Accessing Nested Documents Performance

Hello,

It is stated clearly that:

Because nested documents are indexed as separate documents, they can only be accessed within the scope of the nested query, the nested/reverse_nested, or nested inner hits.

This feels right since we do know that we MUST wrap our queries and aggregations with appropriate NESTED clauses (nested query, nested aggregation and so forth) before we can even access the nested documents.

My question is about the performance penalty of accessing nested documents. I do know that nested documents are indexed in the same segments of their root documents for performance boost. But, let's see what happens in the following scenario:

  • Let's say we have 10,000,000 root documents in our index. Only some portion of the root documents (about 33%) include nested documents. When this happens, the root document is related to about 25 nested documents in average.

  • Let's say our query looks something like this: Query

I imagine Elasticsearch have to to first access all of the ROOT documents, and only then access the NESTED documents themselves. It cannon access the NESTED documents directly the same way it runs a query on the root documents. Should I really consider that as bad practice? (Maybe it's better to index those nested documents in other index as well, for example, as root documents for direct querying and filtering). After all, we suppose to filter the root documents based on their related nested documents - and that's not exactly what is done here.

Whether the nested aggregation needs to go over all root documents (and then all of their nested documents) depends on the query that you have specified. The query basically dictates which root document need to be accessed. In your query you have not specified a query and then ES will use match_all query, which will then emit all root document as matches then the nested aggregation needs to access all root documents. However usually a query reduces the number of documents need to be accessed by nested aggregation (actually the entire aggegation framework) significantly.

Hey @mvg, thanks for the response.

Actually, I omitted the query on purpose in order to demonstrate the problem. Let's say we have in index that contains Products - as root documents and Orders - and nested documents. Meaning that we attach orders underneath the relevant products.

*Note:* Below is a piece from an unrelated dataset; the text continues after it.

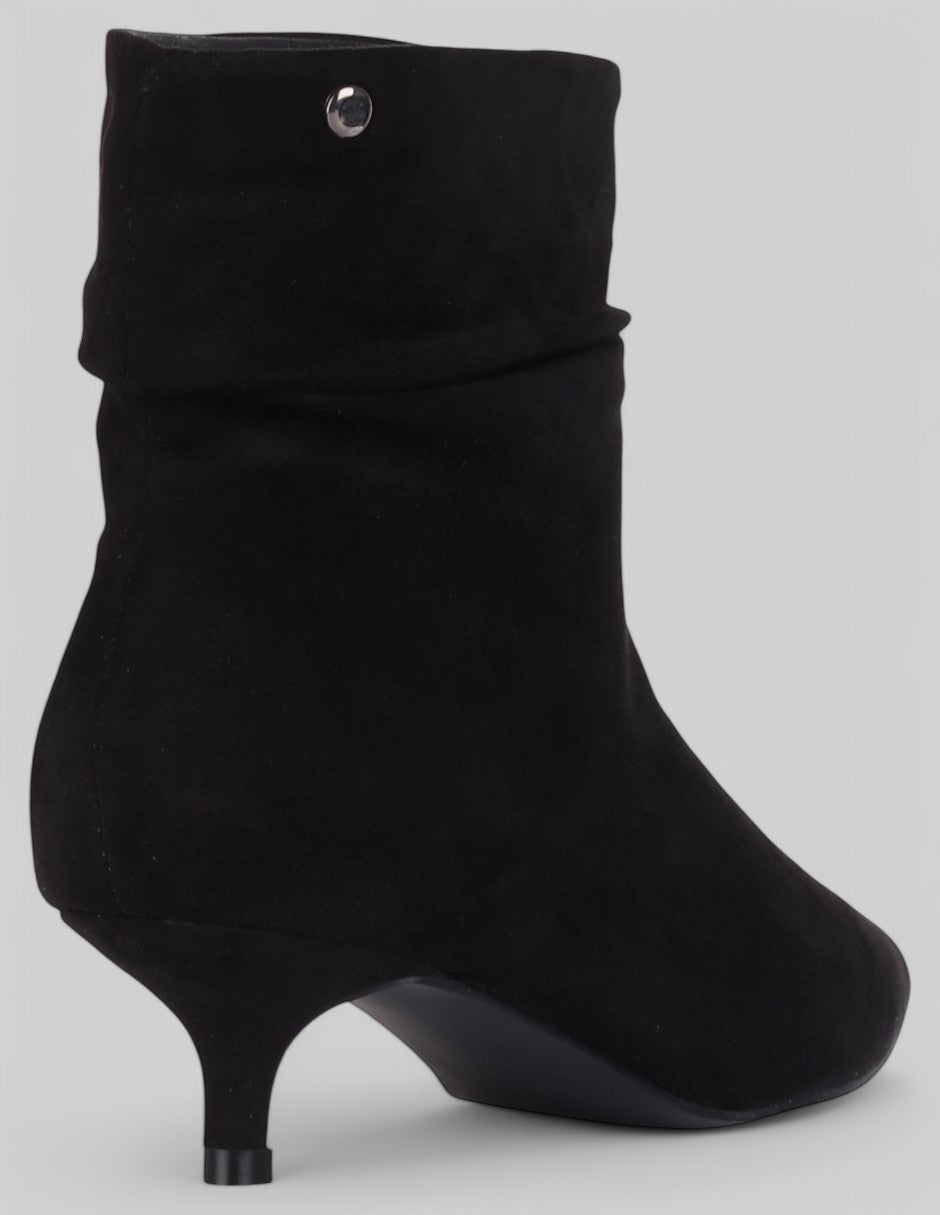 Botín con tacón Nevada en Gamuza sintética – Negro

Now, let's say we have much more products than orders. Meaning that the index contains 100,000,000 documents of products but only 250 documents of orders. Now, we want to query about the latest orders committed. Our query would be something like that: Query.

Please, pay attention that I have to write the range filter in the query clause - for skipping irrelevant root documents (performance boost). But, I also have to write the range filter in the aggregation clause since product might have orders from other dates as well. That's way I believe that making such queries is expensive. It's probably better to index the orders in a separate dedicated index as well, right? For direct access to the orders themselves with much lightweight index (in both size and doc count).

Thinking about it from a Relational standpoint, wouldn't you want the Order document to be your root document and the product document to be nested inside the order document. As one order can have multiple products in it....

Interesting point @Rory. If a user want to purchase 3 products, then 3 orders will be created with the same order id. Actually, it's much easier to handle the data that way in my opinion. We aren't interested in which products have been bought together with other products - but which products have been bought the most.

Anyway, even in that way - replacing the nesting order - I still have the problem when I'll want to get the latest created products (instead of latest created customers). I want the ability to get both of them.

@panda2004 in the model where order document is the root element, you can still write a query that will give you which documents are the most bought or most sought after. If I am understanding your original question correct, when you say you have 10,000,000 root documents, are you saying you have 10,000,000 distinct products?

Yes, that's correct. I have a lot of distinct products, and my orders documents are much much smaller in matter of count.